Algunas polis solitarias —Lesbos, Quíos, Samos (antes de su sublevación contra
Atenas en el año 440)— gozaban de autonomía en sus asuntos internos, hasta el
punto de que en las mismas podía existir un régimen oligárquico. En la mayoría
de las otras ciudades aliadas, los atenienses instauraban el orden político que
les convenía. Como ya sabemos, los atenienses se orientaban, al hacerlo, hacia
los elementos democráticos que, por lo menos al principio, los apoyaban
incondicionalmente.
Por
causas bien comprensibles, los partidarios de la oligarquía eran abiertamente
hostiles a Atenas, al régimen político que se había afianzado allí y a la Liga
ateniense. Sus simpatías estaban íntegramente del lado de Esparta y de la
confederación del Peloponeso, con cuya ayuda pensaban restablecer la
independencia de sus respectivas polis. Es muy significativo que Esparta
saliera invariablemente contra Atenas bajo la consigna de «liberar a las
ciudades griegas del despotismo ateniense». Resulta así que la lucha entre las
agrupaciones democráticas y oligárquicas de que estaba penetrada la vida
política de todas las polis griegas se había manifestado también, de modo bien
definido, en las relaciones entre las uniones de dichas polis. La totalidad del
mundo helénico quedó escindido en dos campos hostiles, y en toda ciudad griega,
al margen de la unión de que formaba parte, los demócratas se orientaban hacia
Atenas, al tiempo que los oligarcas lo hacían hacia Esparta.
En
cada caso en que los atenienses no abrigaban plena seguridad sobre la solidez
de su influencia sobre tal o cual de las ciudades aliadas, la colocaban bajo su
directo control administrativo. Además de los embajadores extraordinarios,
investidos de plenos poderes, en las fuentes de que disponemos se hace mención
de unos arcontes atenienses con sede en las ciudades aliadas, sin funciones
definidas. Evidentemente, se trataba de gobernantes sui generis de esas
ciudades.
Un
papel esencial en la afirmación del poder ateniense ejercido sobre los aliados
lo seguían desempeñando los clerucos, quienes llenaban la función de
guarniciones atenienses en el territorio de la alianza. Esta clase de
guarniciones existía en las islas de Lemnos, Imbros, Naxos y Andros, en Sínope
sobre el mar Negro, y en muchos otros lugares. En total, durante los años de la
pentecontecia fueron enviados a las cleruquías más de 10.000 ciudadanos
atenienses.
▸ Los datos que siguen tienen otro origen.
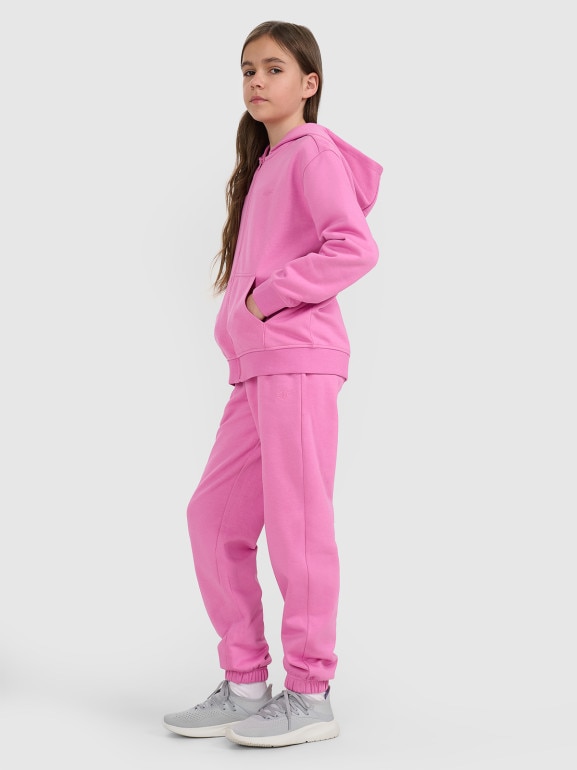Dziewczęce spodnie dresowe joggery 4F 4FJRAW25TTROF1616 - różowe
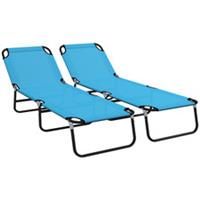 Outsunny 2 Piece Reclining Chaise Lounge with 5-Level Adjustable Backrest Blue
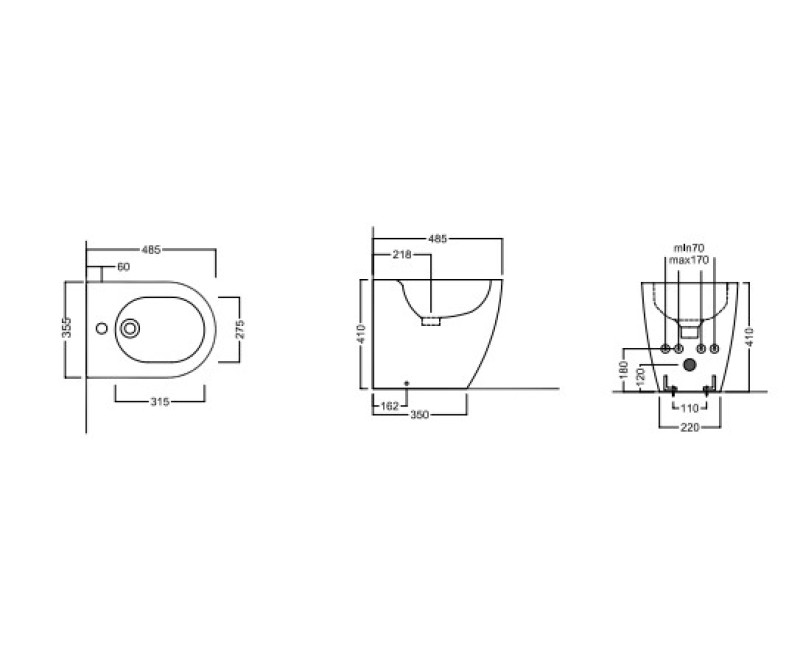Биде Hatria FUSION PURE VORTEX® Белый Y0U601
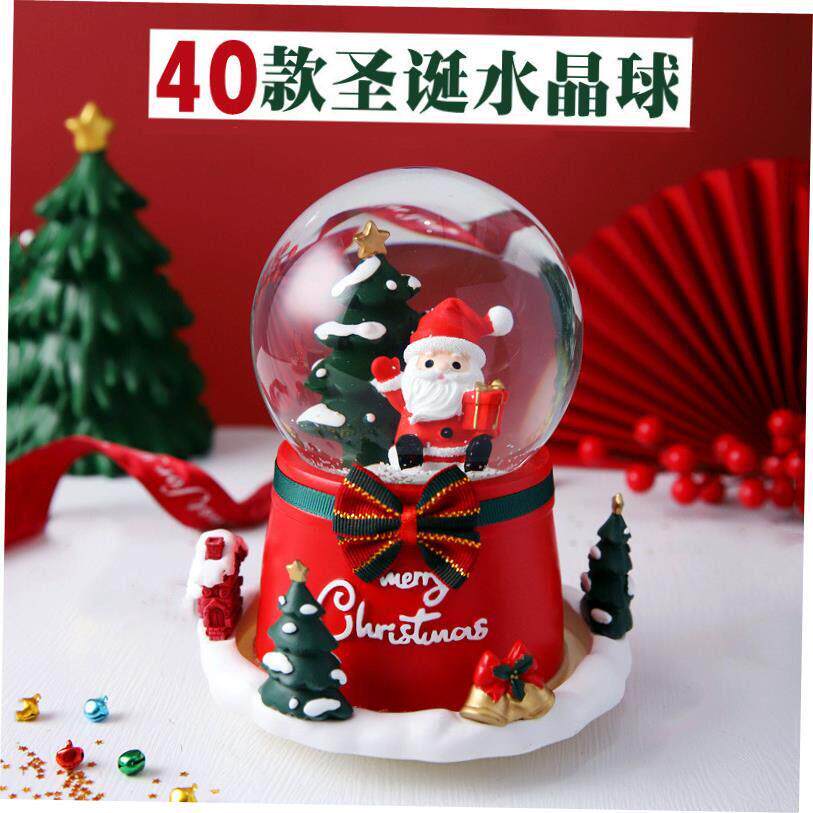 圣诞水晶球八音盒Christmas crystal ball music box decoration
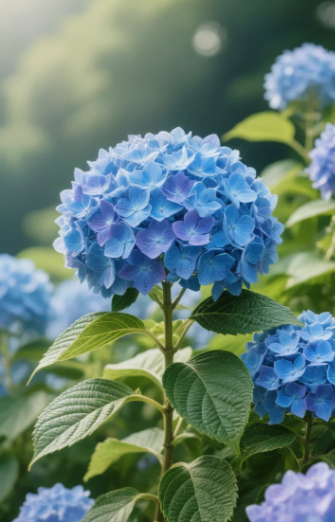 blue hydrangea flowers - 3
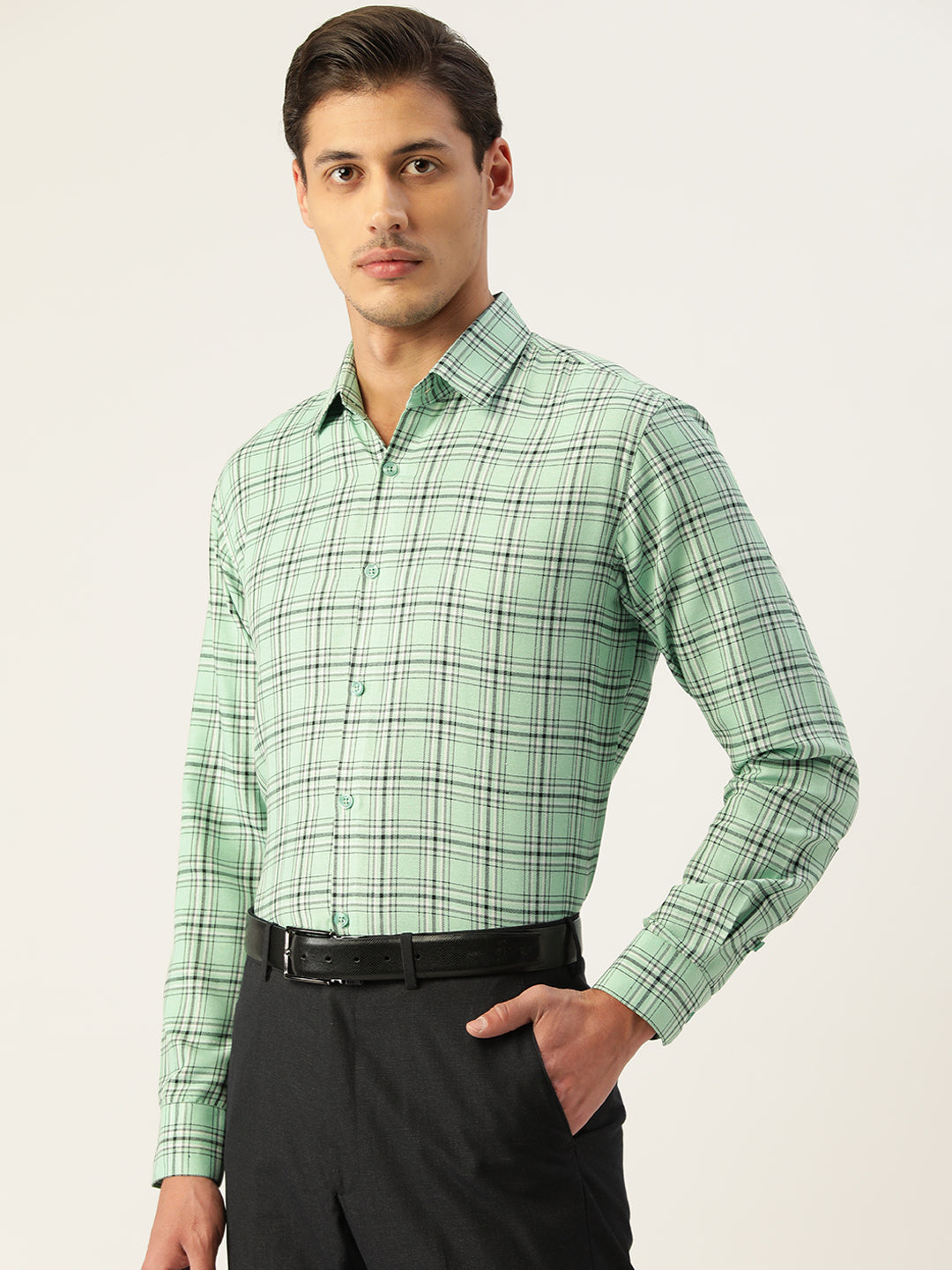 Jainish Men's Cotton Checked Formal Shirts ( SF 791Green ) - Distacart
La tierra que se les destinaba era generalmente arrebatada a las
ciudades aliadas mediante la fuerza, aunque a veces se hacía mediante un
acuerdo; por ejemplo, a cambio de la disminución de foros.
Para
los aliados resultaba sumamente pesada la limitación de su autonomía en el
ámbito jurídico. Al mismo tiempo, los atenienses comenzaron a limitar la
jurisdicción de los aliados también en otros asuntos. Algún tiempo más tarde,
todas las causas de los ciudadanos en las ciudades aliadas que hubieran podido
acarrear la privación de los derechos civiles, la expulsión y la pena capital,
pasaron a la jurisdicción de los tribunales
atenienses. Comenzaron a ventilarse en Atenas los más grandes procesos civiles
de los aliados, de manera que en la jurisdicción de los tribunales locales sólo
quedaron los pleitos por contravenciones menos importantes y las demandas
judiciales. Las ciudades aliadas sólo conservaban una jurisdicción propia más
amplia en los casos especialmente estipulados en los tratados con Atenas.
Paralelamente
con el control político y militar, los atenienses empezaron a ejercer también
el control económico. Casi inmediatamente después de haberse constituido la
alianza, la moneda ateniense habría cobrado tan amplia difusión de todas las
ciudades aliadas, que la moneda local redujo su circulación únicamente al
mercado local. Para lo sucesivo, la moneda ateniense había conquistado un
completo dominio, y en el año 434 la asamblea popular ateniense promulgó un
decreto que prohibía a las ciudades aliadas la acuñación autónoma de monedas de
plata. Por cierto que este decreto no era observado en forma rigurosa y, por
ejemplo, se sabe que en Quíos se continuaba acuñando moneda propia, a la que se
podía hallar en todo el litoral del Asia Menor. En virtud de ello, en el año
420, esto es, ya durante la guerra del Peloponeso, la asamblea popular
ateniense promulgó un nuevo decreto mediante el cual se ordenaba realizar en
todas la ciudades aliadas el canje de la divisa en circulación por dinero
ateniense; mas, dado que en aquel momento la potencia ateniense ya estaba
girando hacia su decadencia, tal decreto no alcanzó a ser realizado
completamente. Difusión universal en la Liga obtuvieron las unidades de pesas y
medidas aceptadas en la misma ciudad de Atenas.
También
fue sometido al control ateniense el comercio de las ciudades aliadas, lo cual
proporcionaba no pocas ventajas a los mercaderes de Atenas. Así, los atenienses
habían establecido, por ejemplo, un permanente control sobre las cargas de
víveres y de cereales que se transportaban, a través del Helesponto, desde los
países adyacentes al mar Negro. Dichas cargas eran distribuidas entre las
ciudades aliadas sólo por mano de los atenienses. Algo más tarde, ya durante
los años de la guerra del Peloponeso, los atenienses establecieron su propia
aduana, en el punto más angosto del estrecho del Bósforo, junto a Crisópolis, y
comenzaron a cobrar derechos aduaneros a toda nave que llegaba desde el mar
Negro o que se dirigía al mismo, a razón del 10 por 100 del valor de la carga
transportada.
Tomando
en cuenta todas las mencionadas particularidades de la política ateniense con
respecto a sus aliados, sería, sin embargo, incorrecto considerar que se
basaban meramente en la coerción. La alianza llevada a bajo la hegemonía de
Atenas había acercado a muchas ciudades entre sí. Entre todas ellas y Atenas se
había establecido una colaboración y una comunicación económica más estrechas.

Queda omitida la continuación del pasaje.